My workflow involves me tagging every media file (using the Subler utility on macOS). I have Plex set up with two libraries that point to the same folder - one library is set to scan for movies and the other set to scan for tv shows. The vast majority of the time, the Plex scanner is able to detect the type of media and update the database fine.
However, in some situations it detects the tv show episode as a movie (and cannot find any metadata through the Plex Movie agent). Once Plex thinks it is a movie, I cannot unmatch it and then manually match because it will only assume I am trying to match with a different movie.
This is all in spite of the actual file metadata explicitly having the Media Kind set to TV Show. For example, the first three episodes of Season 11 of Curb Your Enthusiasm have this issue.
Is there a way to force Plex to allow me to match a file it has already determined is a “movie” so that I can match it using the “tv show” search?
Are you saying that for your folder structure you have one folder, we’ll call Media for clarity, and that houses both TV shows and Movies? You then point both the TV library and Movie library to this Media folder.
If that is the case, you need to change that structure as that is strongly not a recommended setup by Plex.

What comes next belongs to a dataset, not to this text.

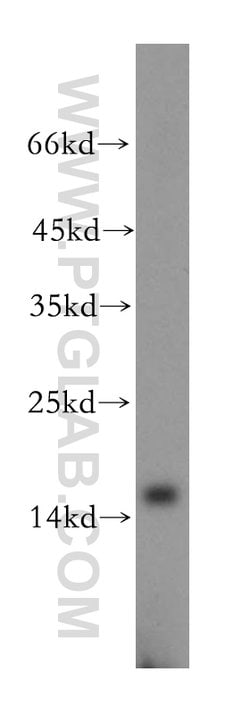 MRPS17 Rabbit anti-Human, Mouse, Rat, Polyclonal, Proteintech 150 &mu;L;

If you haven’t, read one of the support articles about organizing and naming your media, Naming and organizing your Movie files | Plex Support, which talks about the structure.
The method that you are using, which is hinted at in that article, states failure to separate content such as movies and TV shows may result in unexpected or incorrect behavior, which you are experiencing.
For best results, you are going to want to create a file structure like this:
Media/
Movies/
Movie 1 (Year)/
Movie 1 (Year).ext
TV Shows/
Show 1 (Year)/
Season 01/
Show 1 - s01e01 - Episode Name.ext
Show 2 (Year)/
Season 01/
Show 2 - s02e01 - Episode Name.ext
Basically, “Movie 1 (Year)” represents a folder with the movie name and year and then the actual media file is under that. For TV, “Show 1 (Year)” is the folder with the series name and then under that you have your season folders and within your season folders you have the media file with the series name and the season and episode in sXXeXX format. The episode title is optional.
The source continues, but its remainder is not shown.